Jimmy Washam is more than accomplished with a jerkbait, and it’s one of his staples on deck on the Tackle Warehouse Pro Circuit. From Florida to Lake Erie, Washam has cashed checks on a jerkbait and learned a lot about how best to apply it in recent years. Here are a few tricks he uses to put more bass in the boat.
Going to slightly larger hooks is a common practice in smallmouth country, and Washam likes to do it in Florida as well. However, a lot depends on the individual jerkbait.
“In Florida, I will try to upsize the hooks on jerkbaits, because sometimes you catch really big fish and need to lean into them,” he says. “Some jerkbaits, you can’t play with the hooks. The Megabass line, if you go playing too much with the hooks, you can really get it out of sync. The little Bray Z, you can go with a little heavier rear hook. The Strike King baits, you can play with those and get good action out of them with a heavier hook.”
To get a bait deeper, Washam will sometimes go with bigger hooks, but he generally prefers to use lead wire or something like SuspenStrips when his main goal is to add weight.
Most high-end jerkbaits come standard without feathered trebles these days, but there are some times when Washam likes to go against the grain.
“I don’t throw a feathered treble much because it gives drag in the back and takes away from the dart and erratic action,” says Washam. “When you see those little 1-inch shad fleeing out of the water, that’s when I’ll throw a feather on there. The Azuma Bray Z is a good size, you can still get a lot of back and forth erratic action with the feathers and it casts well.”
Generally, Washam only adds feathers when the fish are feeding on small shad in the fall, and then he uses white feathers with maybe a bit of red for the most part. But, if he’s around smallmouth or fish that are feeding on bream, he sometimes likes to go with chartreuse feathers.
For his basic jerkbait tackle, Washam goes with a high-speed, 8.3:1 gear ratio reel, a 6-foot, 9-inch, medium-power Hammer Rod and fluorocarbon. However, this year he learned that using a longer rod can sometimes be a player.
“At Lake Murray this year, I had a ton of bites on Day 1,” says Washam. “But because they’re herring eaters, they’re crazy fish. They would hit the bait so fast, they would dart at it and come up behind it and pull off it. It was high-speed, stressful jerkbait fishing.”
On Day 1, Washam bagged 13 pounds, 7 ounces. He put 17-9 on the scale on Day 2 to make the cut.
“On Day 2, I went to a 7-foot rod, because I could get more give out of that longer rod,” he says. “The 7-foot made a tremendous difference when I would get those fish close to the boat. I should have done it on Day 1, but I’ve learned if I’m around smallmouth, spots or herring bass, I want to throw a 7-foot.
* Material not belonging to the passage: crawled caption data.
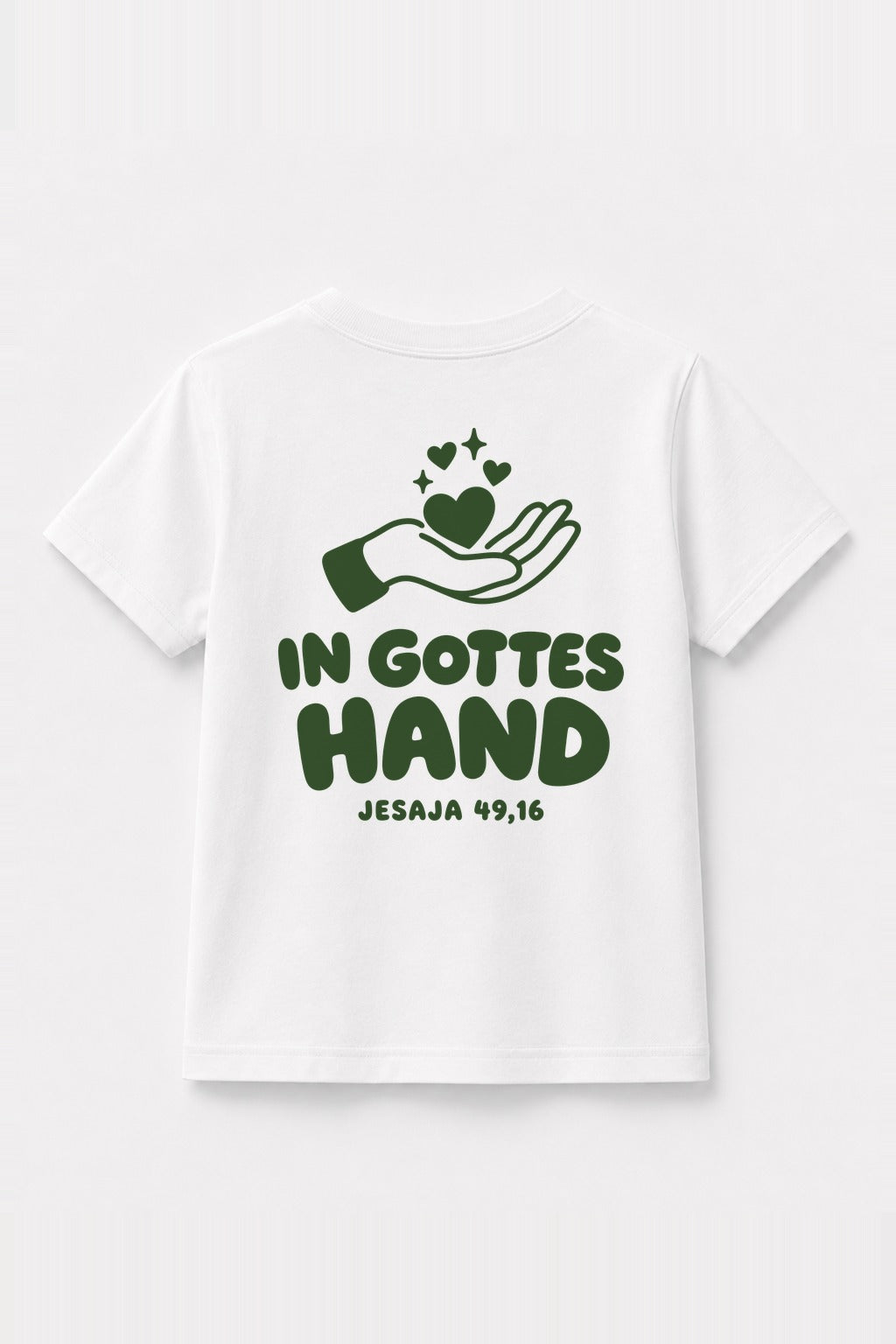 Kinder T-Shirt „In Gottes Hand“ in Weiß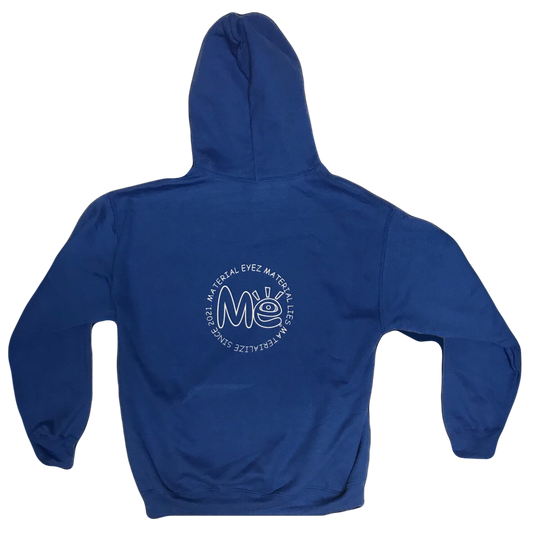 Material Eyez Blue Hoodie White Logo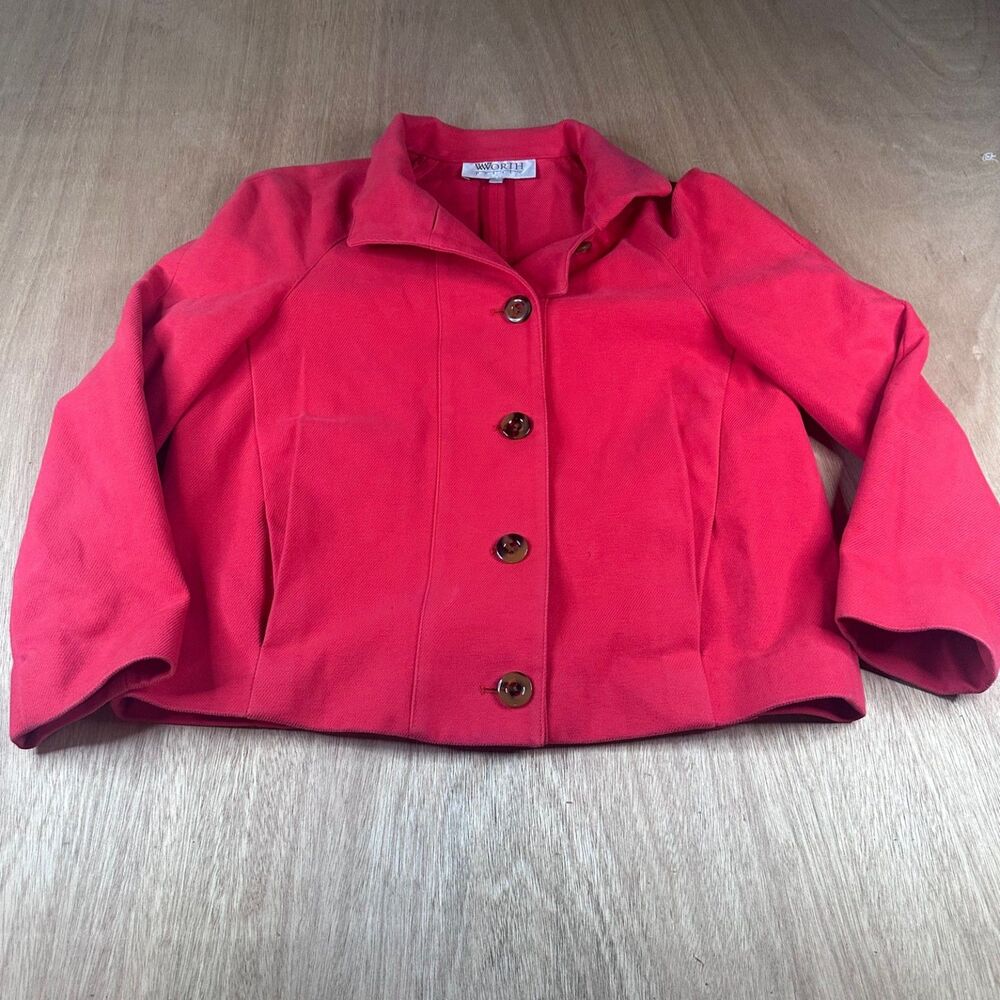 Worth Petite Coral Cottonā Blend Button Front Jacket Womenās Small USA Made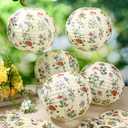 Honoson 12 Pcs Wildflower Paper Lanterns Spring Floral Wildflower Party Decorations Hanging 10 Inch Chinese Lanterns for Wedding Bridal Shower Baby Shower Tea Party Decorations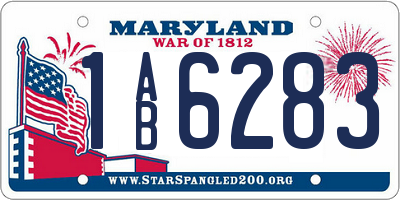 MD license plate 1AB6283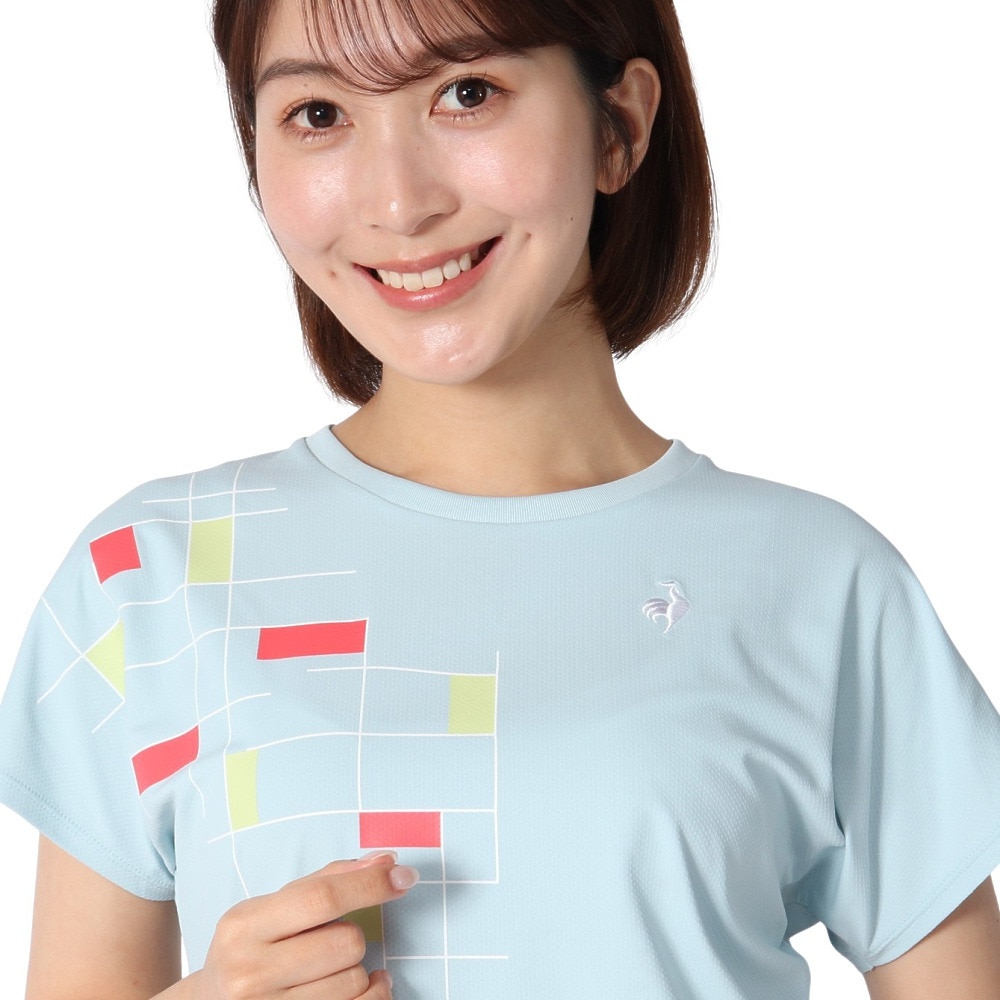 ルコックスポルティフ（lecoqsportif）（レディース）テニスウェア レディース 接触冷感グラフィックゲームシャツ LN5SHT50L BL00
You get a lot better fish playing capabilities out of the longer rod.”
Still, Washam isn’t about to switch to longer rods exclusively, preferring the 6-9 model because of how he can work the bait.
“What you get with a longer rod, is it takes less effort to make the bait pop,” explains Washam. “But, it’s a totally different action with a longer rod. I can put more slack in the line with a 6-9 and pop it differently.”